Bias Correction Tutorial

In this tutorial, we will explore how to work with the topt module from xtremes to apply bias correction techniques in extreme value analysis. Specifically, we will cover:

  • Generating index ranges for sliding and disjoint block methods (I_sb and D_n).

  • Computing exceedances using exceedances.

  • Estimating cluster size probability using hat_pi0.

  • Utilizing the Upsilon, Pi, and Psi functions for bias correction.

  • Solving for bias-corrected parameters with varpi and a1_asy.

Each section includes code examples for clarity.

Step 1: Generating Block Indices

In time series analysis, blocks of data are used to analyze cluster sizes and exceedances. We define two key functions:

I_sb(j, bs): Generate indices for a sliding block

import numpy as np

def I_sb(j, bs):
    return np.arange(j, j + bs)

# Example usage
print(I_sb(3, 5))  # Output: [3, 4, 5, 6, 7]

D_n(n, bs): Generate index pairs for disjoint blocks

def D_n(n, bs):
    idx = np.arange(1, n - bs + 2)
    pairs = []
    for i in idx:
        left_js = idx[idx + bs <= i]
        right_js = idx[idx >= i + bs]
        for j in left_js:
            pairs.append((i, j))
        for j in right_js:
            pairs.append((i, j))
    return pairs

# Example usage
print(D_n(5, 2))  # Output: [(1, 3), (1, 4), (2, 4), (3, 1), (3, 2), (4, 1), (4, 2)]

Step 2: Computing Exceedances

The exceedances function counts values exceeding a given threshold in a block.

def exceedances(data, maxima, bs, i, j, stride='DBM'):
    if stride == 'DBM':
        return np.sum(data[(j-1)*bs:j*bs] > maxima[i-1])
    if stride == 'SBM':
        return np.sum(data[j:j+bs] > maxima[i-1])

# Example usage
data = np.array([1, 3, 5, 2, 6, 4, 7, 9])
maxima = np.array([5, 7])
print(exceedances(data, maxima, bs=2, i=1, j=3, stride='DBM'))  # Output: 1

Step 3: Estimating Cluster Size Probability

The function hat_pi0 estimates the probability of cluster size 1.

import xtremes.topt as topt

def hat_pi0(data, maxima=None, bs=None, stride='DBM'):
    if maxima is not None:
        bs = len(data) // len(maxima)
    elif bs is not None:
        maxima = topt.extract_BM(data, bs, stride=stride)
    else:
        raise ValueError('Either maxima or block size must be provided')
    k = len(maxima)
    if stride == 'DBM':
        s = np.sum([exceedances(data, maxima, bs, i, j, stride='DBM') == 1
                    for i in range(1, 1 + k)
                    for j in np.delete(np.arange(1, 1 + k), i-1)])
        return 4 * s / (k * (k-1))

# Example usage
print(hat_pi0(data, maxima, bs=2, stride='DBM'))

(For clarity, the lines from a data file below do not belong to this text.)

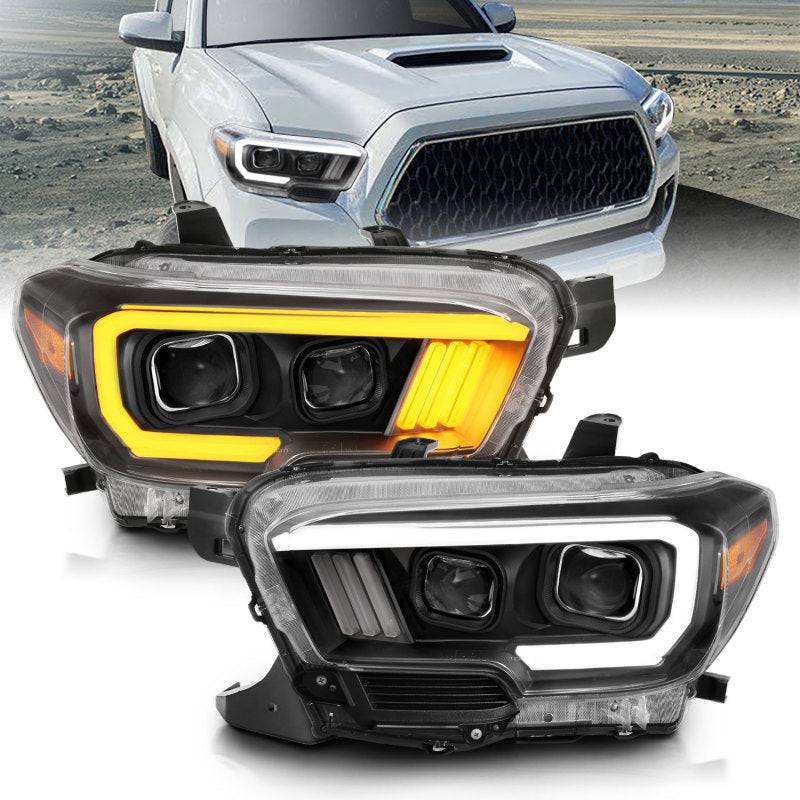 ANZO 2016-2017 Toyota Tacoma Projector Headlights w/ Plank Style Switchback Black w/ Amber - Striker Modified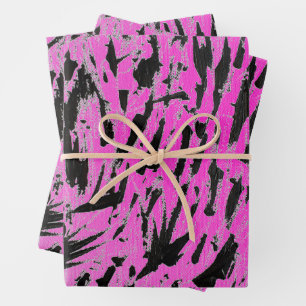 Funky Neon Pink and Black Print Wrapping Paper Sheets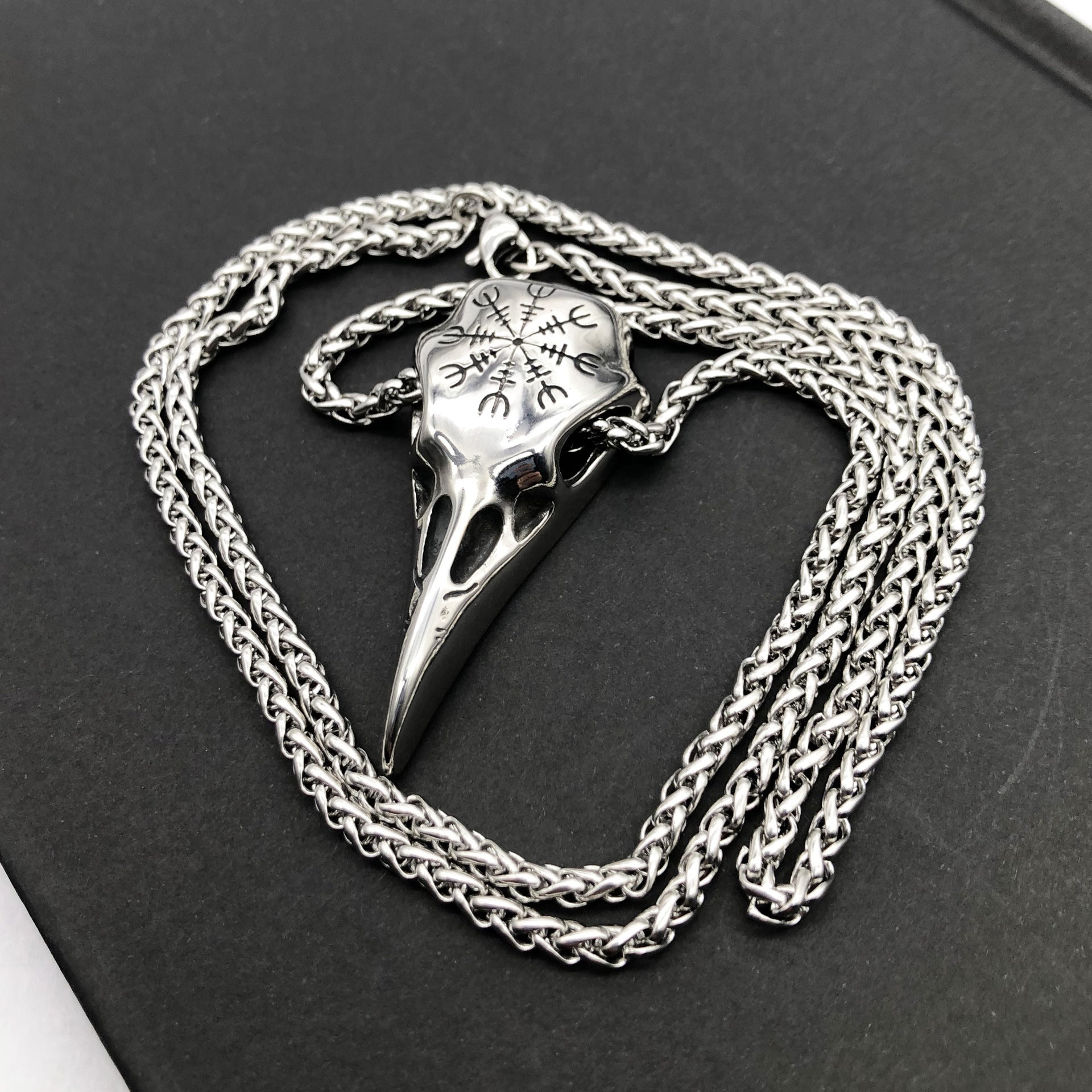 Mens Fashionable Vintage Viking Symbol Skull Eagle Beak Pendant Necklace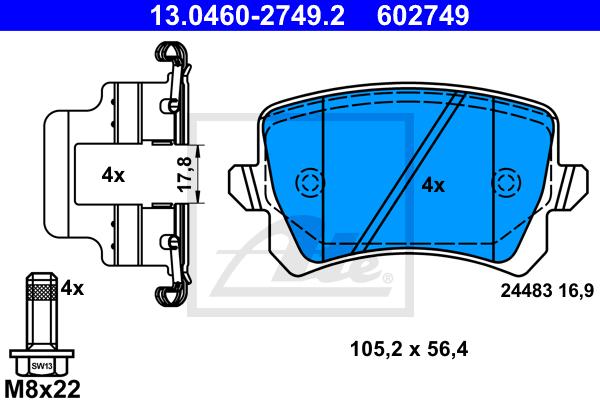 BALATAS TRASERAS 8213 D1348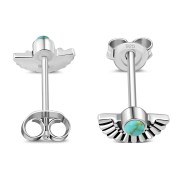 Turquoise Ethnic Style Sterling Silver Stud Earrings, e436st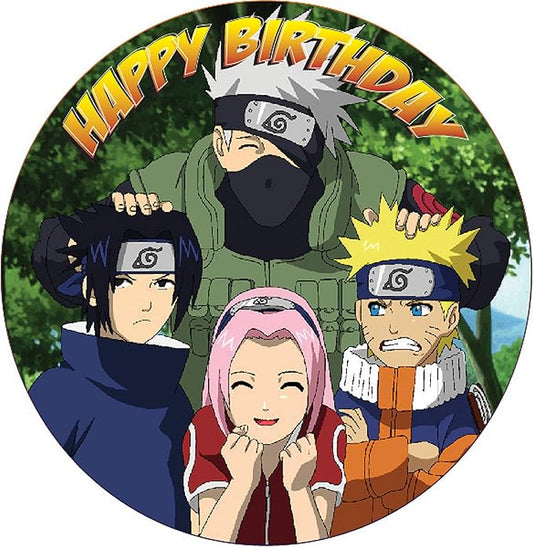 7.5 Inch Edible Cake Toppers – Anime Ninja Inspired Birthday Party Collection of Edible Cake Decorations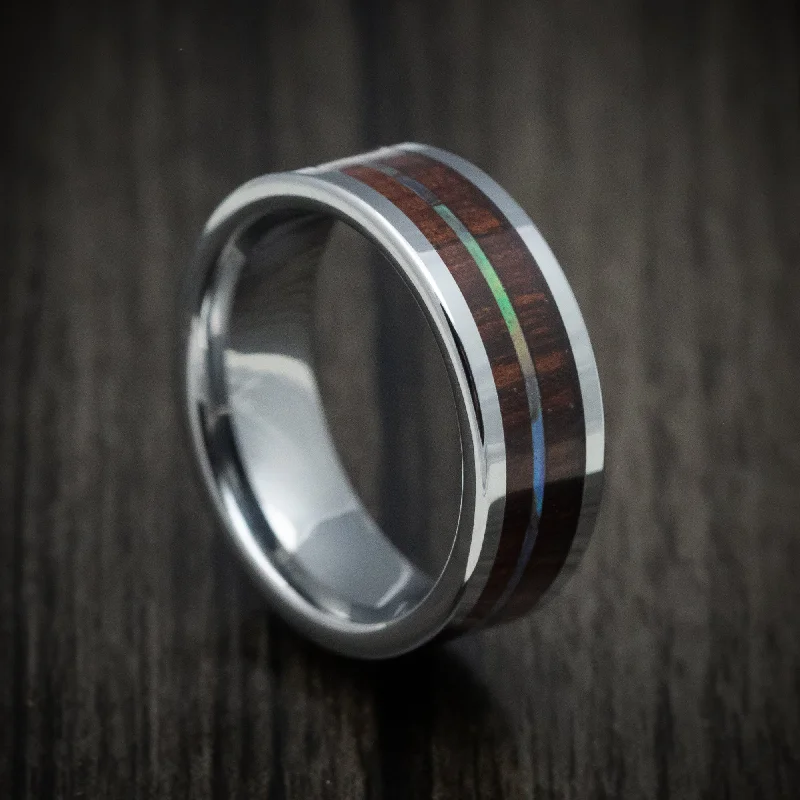 Cobalt Chrome Men's Ring with Koa Wood and Abalone Inlays Custom Made Band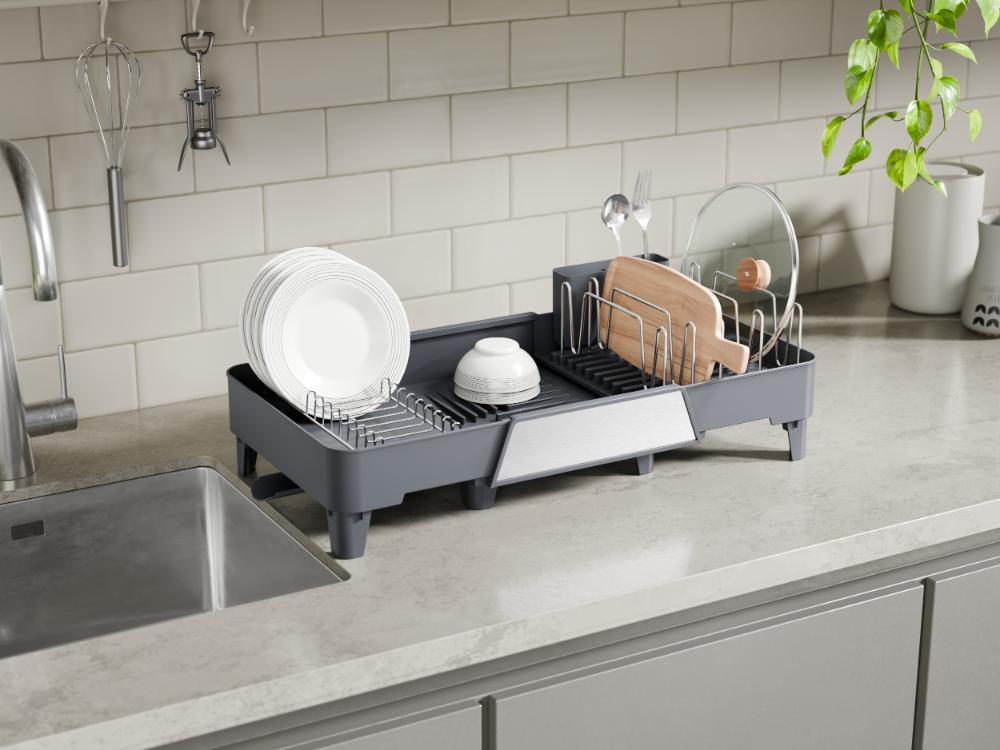 Escurridor De Platos Aquira, Gris Oscuro, Expandible con escurridor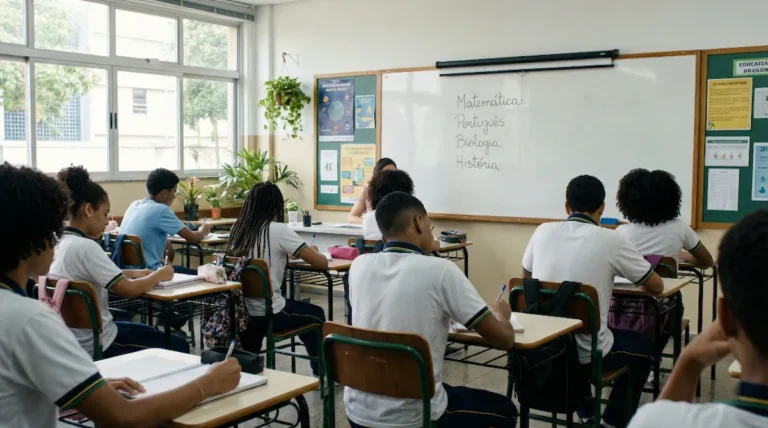 Matérias do ensino médio organizadas em sala de aula brasileira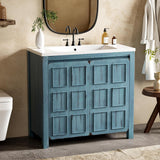 36" Bathroom Vanity with Square White Ceramic Sink Top and Soft Closing Door, Combo Stand Storage Cabinet, Retro Blue A133-B0DJVJPJVR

Step 4: Using Bias Correction Functions

We define functions for the Upsilon, Pi, and Psi functions used in bias correction.

from scipy.special import gamma, digamma, polygamma
from scipy.optimize import root_scalar

def Upsilon(x, rho0):
    return rho0 * gamma(x+2) + (1-rho0) * gamma(x+1)

def Upsilon_derivative(x, rho0):
    return rho0 * gamma(x+2) * digamma(x+2) + (1-rho0) * gamma(x+1) * digamma(x+1)

def Pi(x, rho0):
    return 1/x - Upsilon_derivative(x, rho0)/Upsilon(x, rho0) + rho0/2 - np.euler_gamma

def Psi(a, a_true, rho0):
    vp = a / a_true
    term = 1 / vp - Upsilon_derivative(vp, rho0) / Upsilon(vp, rho0) + rho0/2 - np.euler_gamma
    return 2 / a_true * term

Step 5: Solving for Bias-Corrected Parameters

To obtain bias-corrected parameters, we use numerical root-finding methods.

def varpi(rho0):
    sol = root_scalar(Pi, args=(rho0,), bracket=[0.01, 10])
    return sol.root

def a1_asy(a_true, rho0):
    sol = root_scalar(Psi, args=(a_true, rho0), bracket=[1e-2, 100])
    return sol.root

# Example usage
rho0 = 0.5
print(varpi(rho0))  # Computes bias-corrected root

Conclusion

In this tutorial, we explored: - How to generate block indices. - Compute exceedances within blocks. - Estimate cluster size probability using hat_pi0. - Use the Upsilon, Pi, and Psi functions for bias correction. - Solve for bias-corrected parameters using numerical root-finding.

These methods are essential for extreme value analysis in time series data and improving MLE estimates by accounting for bias.